Instructions to follow
Each line below that contains the word "Apartment" must be copied.

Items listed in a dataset
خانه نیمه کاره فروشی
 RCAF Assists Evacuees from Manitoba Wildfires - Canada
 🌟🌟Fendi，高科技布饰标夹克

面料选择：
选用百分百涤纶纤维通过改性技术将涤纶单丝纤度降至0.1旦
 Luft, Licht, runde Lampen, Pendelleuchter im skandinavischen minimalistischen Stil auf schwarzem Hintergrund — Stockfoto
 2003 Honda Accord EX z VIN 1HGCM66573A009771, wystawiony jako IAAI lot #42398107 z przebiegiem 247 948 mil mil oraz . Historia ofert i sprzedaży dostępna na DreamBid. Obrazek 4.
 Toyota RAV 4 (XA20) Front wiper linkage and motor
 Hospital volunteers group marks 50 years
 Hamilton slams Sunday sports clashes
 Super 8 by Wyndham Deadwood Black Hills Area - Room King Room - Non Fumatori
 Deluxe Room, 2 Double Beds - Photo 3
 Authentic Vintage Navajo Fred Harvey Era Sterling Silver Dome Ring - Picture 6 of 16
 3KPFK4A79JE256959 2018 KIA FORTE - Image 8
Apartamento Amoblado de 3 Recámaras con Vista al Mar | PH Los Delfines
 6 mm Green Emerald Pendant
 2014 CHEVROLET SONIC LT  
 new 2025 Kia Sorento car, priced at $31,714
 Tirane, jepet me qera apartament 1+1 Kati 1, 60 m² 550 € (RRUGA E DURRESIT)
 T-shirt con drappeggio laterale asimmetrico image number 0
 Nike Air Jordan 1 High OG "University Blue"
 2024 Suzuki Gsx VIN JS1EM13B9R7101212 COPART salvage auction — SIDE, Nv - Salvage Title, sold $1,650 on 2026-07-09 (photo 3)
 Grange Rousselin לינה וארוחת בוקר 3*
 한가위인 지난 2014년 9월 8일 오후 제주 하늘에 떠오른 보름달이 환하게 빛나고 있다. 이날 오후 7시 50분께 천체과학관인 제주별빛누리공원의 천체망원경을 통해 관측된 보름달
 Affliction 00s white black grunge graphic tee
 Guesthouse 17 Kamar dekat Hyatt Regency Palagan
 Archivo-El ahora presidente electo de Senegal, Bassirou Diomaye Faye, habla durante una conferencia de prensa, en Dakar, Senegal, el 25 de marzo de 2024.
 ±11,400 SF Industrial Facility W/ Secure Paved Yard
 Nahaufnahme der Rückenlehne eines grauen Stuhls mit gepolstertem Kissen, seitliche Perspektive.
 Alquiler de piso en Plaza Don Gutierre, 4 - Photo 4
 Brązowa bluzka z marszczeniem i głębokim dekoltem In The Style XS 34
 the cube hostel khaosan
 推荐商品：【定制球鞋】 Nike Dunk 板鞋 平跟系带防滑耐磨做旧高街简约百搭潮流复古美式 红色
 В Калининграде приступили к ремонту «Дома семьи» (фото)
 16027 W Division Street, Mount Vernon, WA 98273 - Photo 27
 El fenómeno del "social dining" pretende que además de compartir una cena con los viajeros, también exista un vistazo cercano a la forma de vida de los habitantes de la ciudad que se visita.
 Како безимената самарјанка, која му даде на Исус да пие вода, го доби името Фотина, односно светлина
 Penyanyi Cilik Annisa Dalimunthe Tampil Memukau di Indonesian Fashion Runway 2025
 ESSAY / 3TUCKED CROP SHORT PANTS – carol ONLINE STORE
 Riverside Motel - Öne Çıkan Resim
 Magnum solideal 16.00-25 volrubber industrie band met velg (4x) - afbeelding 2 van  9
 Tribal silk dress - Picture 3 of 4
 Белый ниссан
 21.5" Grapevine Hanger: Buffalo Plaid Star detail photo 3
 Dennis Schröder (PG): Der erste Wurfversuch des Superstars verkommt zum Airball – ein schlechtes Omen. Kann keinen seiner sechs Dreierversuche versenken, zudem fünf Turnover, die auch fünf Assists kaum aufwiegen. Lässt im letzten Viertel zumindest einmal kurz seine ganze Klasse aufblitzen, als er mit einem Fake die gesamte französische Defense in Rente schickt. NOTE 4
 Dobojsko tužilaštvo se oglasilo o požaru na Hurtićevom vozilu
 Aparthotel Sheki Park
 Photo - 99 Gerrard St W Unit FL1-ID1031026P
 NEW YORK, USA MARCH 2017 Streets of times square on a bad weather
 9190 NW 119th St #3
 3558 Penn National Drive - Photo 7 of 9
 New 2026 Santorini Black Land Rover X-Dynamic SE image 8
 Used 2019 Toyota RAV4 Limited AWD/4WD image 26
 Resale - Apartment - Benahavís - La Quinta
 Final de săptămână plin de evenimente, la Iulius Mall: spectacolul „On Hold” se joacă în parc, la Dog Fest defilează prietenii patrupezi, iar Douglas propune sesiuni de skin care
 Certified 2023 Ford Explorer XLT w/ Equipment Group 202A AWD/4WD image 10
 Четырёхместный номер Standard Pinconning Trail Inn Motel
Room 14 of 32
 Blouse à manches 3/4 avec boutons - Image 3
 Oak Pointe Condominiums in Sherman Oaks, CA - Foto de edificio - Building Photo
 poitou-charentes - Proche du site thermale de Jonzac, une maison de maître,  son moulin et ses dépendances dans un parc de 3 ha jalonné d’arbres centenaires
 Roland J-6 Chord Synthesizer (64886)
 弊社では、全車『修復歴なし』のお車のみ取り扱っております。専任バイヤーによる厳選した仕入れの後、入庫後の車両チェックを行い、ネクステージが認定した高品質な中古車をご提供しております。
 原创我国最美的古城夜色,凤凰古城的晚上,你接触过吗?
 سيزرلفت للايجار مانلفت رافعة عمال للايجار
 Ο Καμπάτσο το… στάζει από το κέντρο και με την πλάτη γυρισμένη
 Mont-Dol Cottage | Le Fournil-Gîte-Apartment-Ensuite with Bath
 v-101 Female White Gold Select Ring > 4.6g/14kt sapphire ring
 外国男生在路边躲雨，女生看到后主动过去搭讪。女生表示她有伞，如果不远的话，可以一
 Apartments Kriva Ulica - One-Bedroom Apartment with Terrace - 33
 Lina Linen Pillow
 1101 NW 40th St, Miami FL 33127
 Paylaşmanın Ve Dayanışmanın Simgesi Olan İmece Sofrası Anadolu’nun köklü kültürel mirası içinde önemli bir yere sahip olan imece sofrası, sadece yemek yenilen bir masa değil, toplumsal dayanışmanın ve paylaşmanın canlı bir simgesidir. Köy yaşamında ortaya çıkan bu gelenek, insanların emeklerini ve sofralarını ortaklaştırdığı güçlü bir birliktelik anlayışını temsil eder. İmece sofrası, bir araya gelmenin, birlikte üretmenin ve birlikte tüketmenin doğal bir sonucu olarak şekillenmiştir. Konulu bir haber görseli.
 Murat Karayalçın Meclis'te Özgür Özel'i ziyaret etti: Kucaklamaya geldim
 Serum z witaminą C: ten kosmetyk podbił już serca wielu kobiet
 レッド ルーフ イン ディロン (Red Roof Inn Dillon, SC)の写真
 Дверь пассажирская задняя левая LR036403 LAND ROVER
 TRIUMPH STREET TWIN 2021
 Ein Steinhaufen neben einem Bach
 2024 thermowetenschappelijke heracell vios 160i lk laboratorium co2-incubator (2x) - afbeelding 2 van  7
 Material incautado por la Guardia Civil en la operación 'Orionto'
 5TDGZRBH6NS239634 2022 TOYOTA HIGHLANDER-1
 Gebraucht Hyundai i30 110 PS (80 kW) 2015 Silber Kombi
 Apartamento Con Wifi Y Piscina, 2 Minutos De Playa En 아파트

Answer space
 Resale - Apartment - Benahavís - La Quinta
 Mont-Dol Cottage | Le Fournil-Gîte-Apartment-Ensuite with Bath
 Apartments Kriva Ulica - One-Bedroom Apartment with Terrace - 33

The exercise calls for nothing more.